Now we’ll need a Sink type. The general idea is every time the record() method is called we’ll write another frame to a cached hound::WavWriter. If the WavWriter doesn’t exist we’ll need to create a new one which writes to a file named like output_dir/clip_1.wav. An end_of_transmission() tells us to finalize() the WavWriter and remove it from our cache.
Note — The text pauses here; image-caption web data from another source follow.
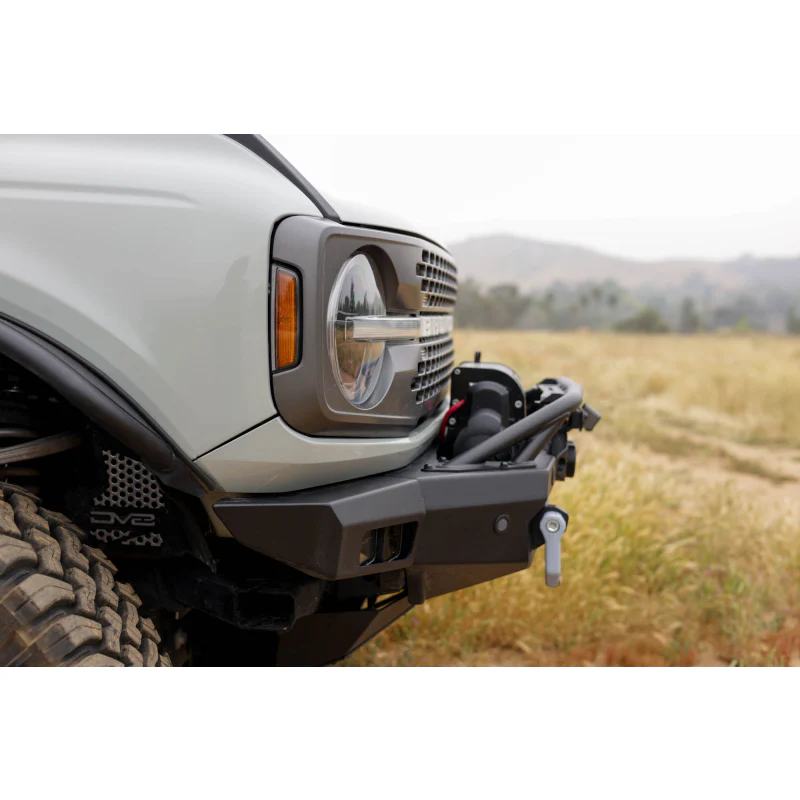 DV8 Offroad 2021-2025 Ford Bronco Spec Series Front Bumper Model FBBR-05 - Image 8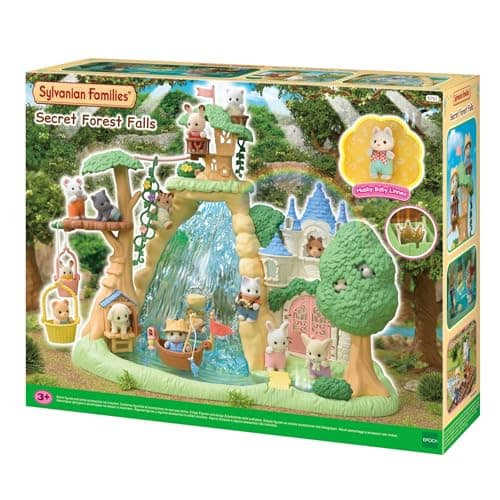 Image of Sylvanian Families Epoch Traumwiesen GmbH SYL Adventure Playground Waterfall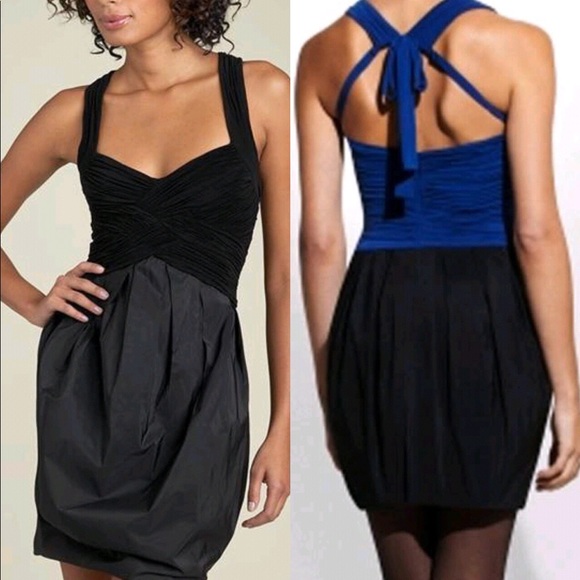 BCBGMaxAzria Other - Very sexy BCBGMAXAZRIA black halter dress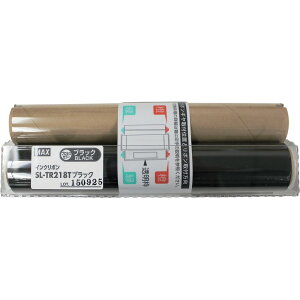 MAX �r�[�|�b�v CPM-200�p�v���Z�X�J���[�C���N���{���i�l�֗p�jSL-TR218T�u���b�N 50m�� SL-TR218T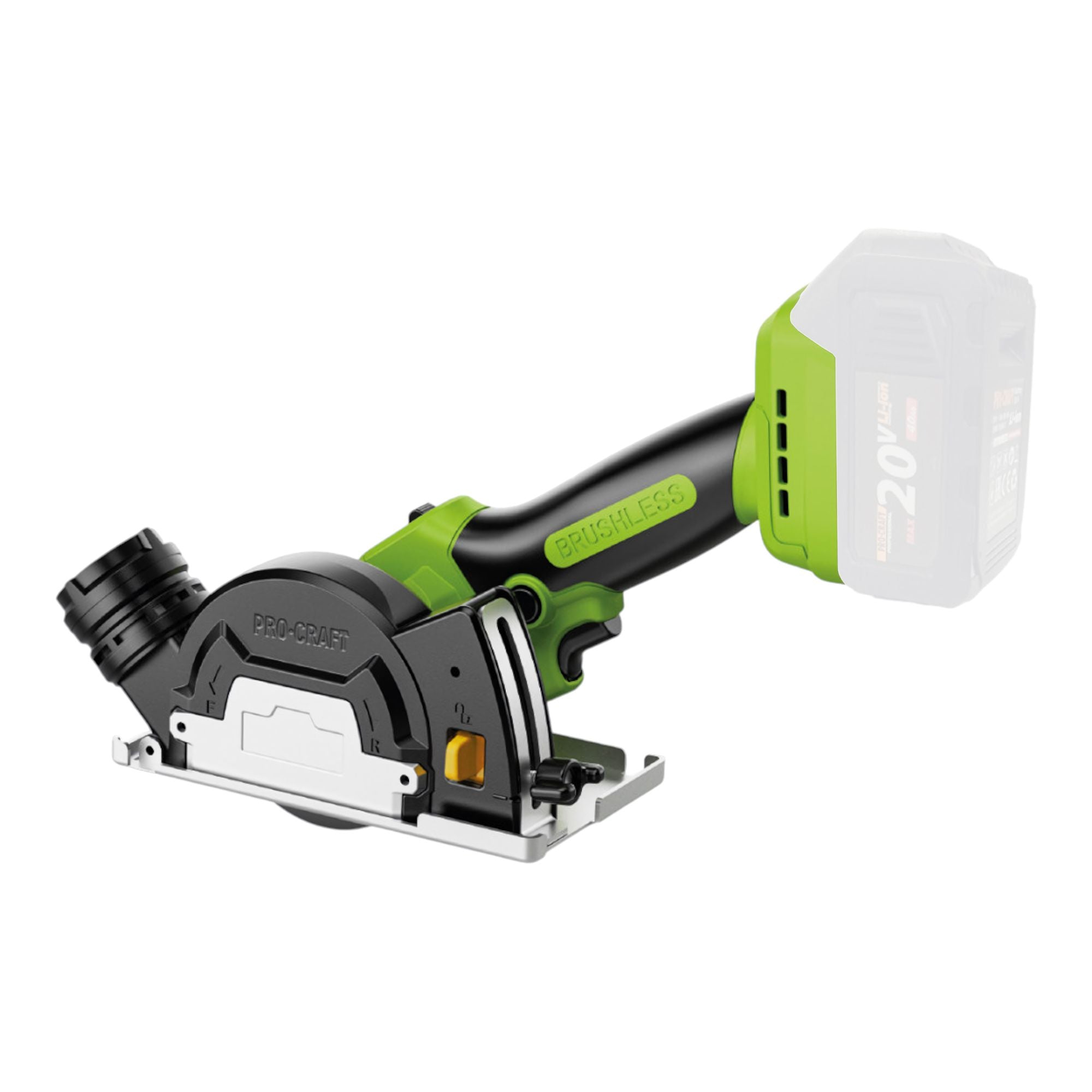 Procraft PCA16 BB Mini Akku Universalsaege 20 V 85 mm Brushless Solo ohne Akku ohne Ladegeraet 1 - toolbrothers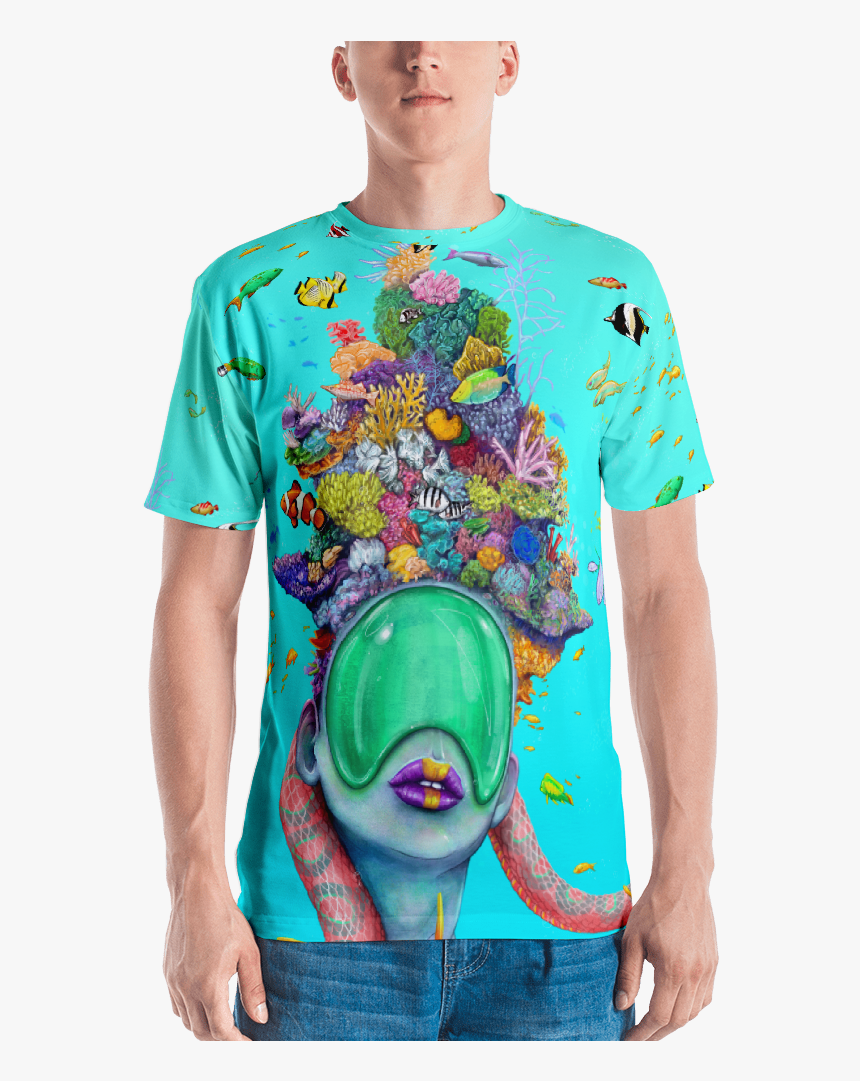 Coraline Deluxe T-shirt - La Croix T Shirt, HD Png Download, Free Download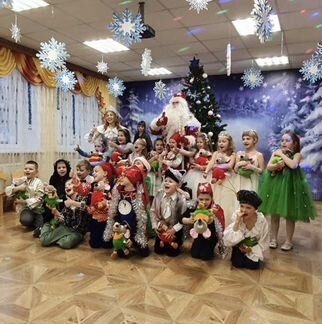 Дед Мороз и Снегурочка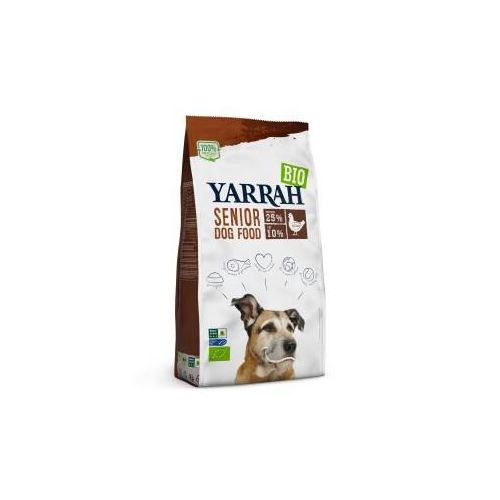 Yarrah Bio Senior Trockenfutter Huhn 10 kg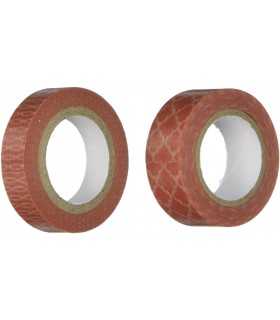 WASHI TAPE WE R MEMORY KEEPERS SET CORAL
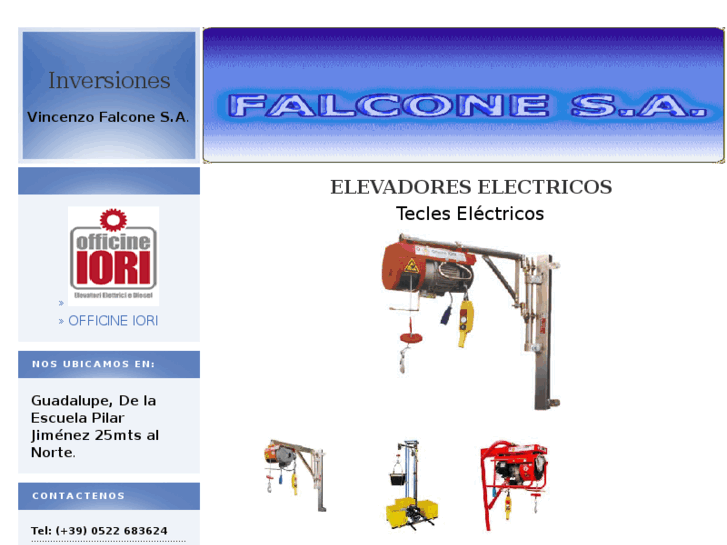 www.falconesacr.com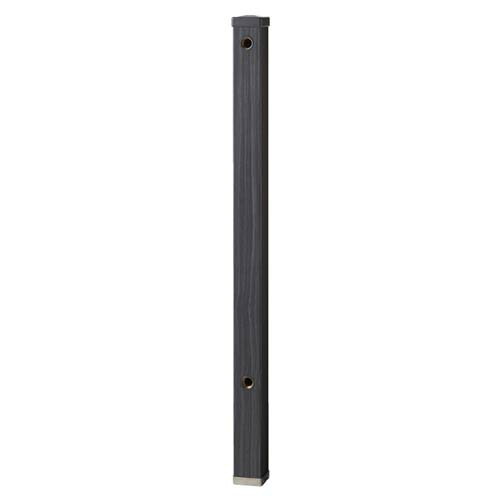 SANEI　木目調水栓柱　全面木目調ダーク　【品番：T803W-60X900-D】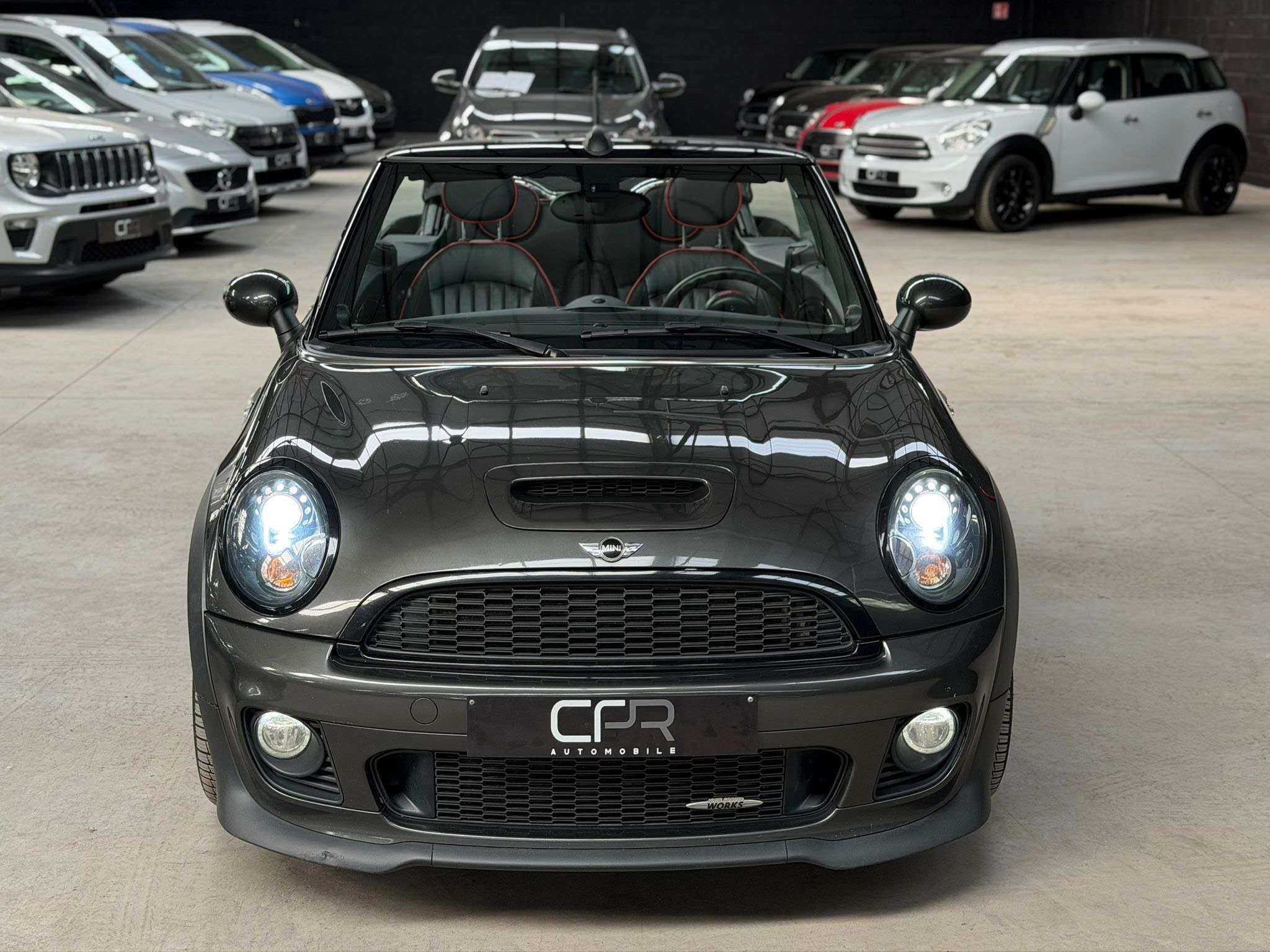 MINI John Cooper Works Cabrio i * JCW * HARMAN KARDON * XENON * CUIR * SIEGE CH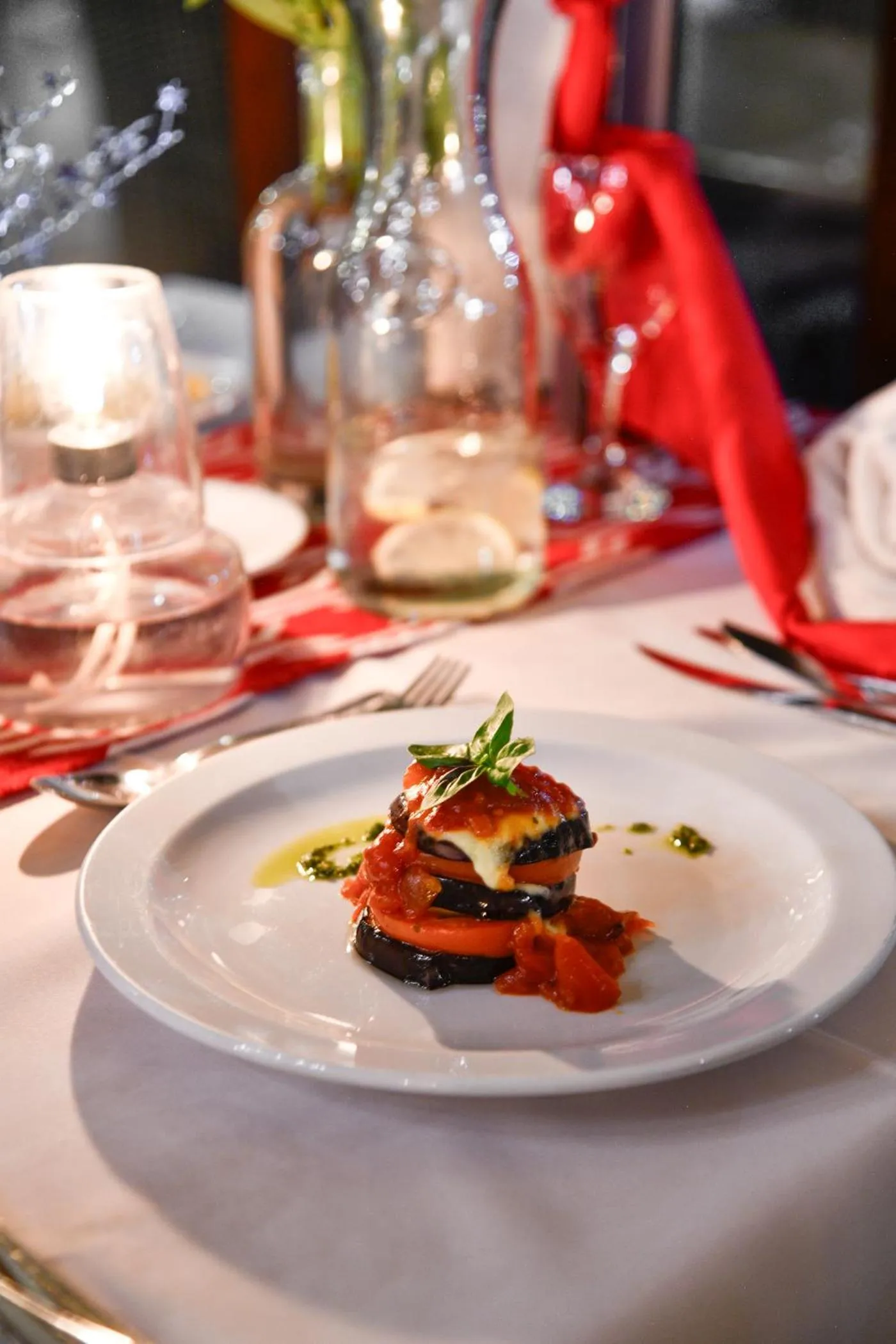 Food close-up in The Springbok Lodge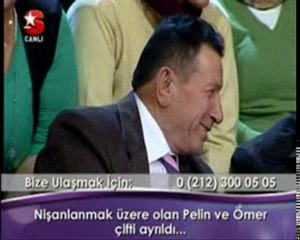 İzdivaç'ta damat adayı canlı yayında uyudu!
// examples/wav-splitter.rs

pub struct Sink {
    output_dir: PathBuf,
    clip_number: usize,
    prefix: String,
    spec: WavSpec,
    writer: Option<WavWriter<BufWriter<File>>>,
}

impl Sink {
    pub fn new(output_dir: PathBuf, prefix: String, spec: WavSpec) -> Self {
        Sink {
            output_dir,
            prefix,
            spec,
            clip_number: 0,
            writer: None,
        }
    }

    fn get_writer(&mut self) -> &mut WavWriter<BufWriter<File>> {
        if self.writer.is_none() {
            let filename = self
                .output_dir
                .join(format!("{}{}.wav", self.prefix, self.clip_number));
            self.clip_number += 1;
            self.writer = Some(WavWriter::create(filename, self.spec).unwrap());
        }

        self.writer.as_mut().unwrap()
    }
}

impl<F> noise_gate::Sink<F> for Sink
where
    F: Frame,
    F::Sample: hound::Sample,
{
    fn record(&mut self, frame: F) {
        let writer = self.get_writer();

        for channel in frame.channels() {
            writer.write_sample(channel).unwrap();
        }
    }

    fn end_of_transmission(&mut self) {
        if let Some(writer) = self.writer.take() {
            writer.finalize().unwrap();
        }
    }
}

From there the main function is quite simple. It parses some arguments, reads the WAV file into memory, then throws it at our NoiseGate so the Sink can write the clips to the output/ directory.

// examples/wav-splitter.rs

fn main() -> Result<(), Box<dyn Error>> {
    let args = Args::from_args();

    let reader = WavReader::open(&args.input_file)?;
    let header = reader.spec();
    let samples = reader
        .into_samples::<i16>()
        .map(|result| result.map(|sample| [sample]))
        .collect::<Result<Vec<_>, _>>()?;

    let release_time = (header.sample_rate as f32 * args.release_time).round();

    fs::create_dir_all(&args.output_dir)?;
    let mut sink = Sink::new(args.output_dir, args.prefix, header);

    let mut gate = NoiseGate::new(args.noise_threshold, release_time as usize);
    gate.process_frames(&samples, &mut sink);

    Ok(())
}

Let’s take this for a test-run.

The original clip:

Now let’s split it into pieces with our wav-splitter program. At this point I don’t really know what values of noise_threshold or release_time are acceptible for this audio, but I figure 50 and 0.3s should be usable?

$ ./target/release/examples/wav-splitter -o output --threshold 50 --release-time 0.3 data/N11379_KSCK.wav
$ ls output   
clip_0.wav clip_3.wav clip_6.wav clip_9.wav clip_12.wav clip_15.wav
clip_18.wav clip_21.wav clip_1.wav clip_4.wav clip_7.wav clip_10.wav
clip_13.wav clip_16.wav clip_19.wav clip_22.wav clip_2.wav clip_5.wav
clip_8.wav clip_11.wav clip_14.wav clip_17.wav clip_20.wav

Wow it actually worked on the first try. Now that’s something you don’t see every day.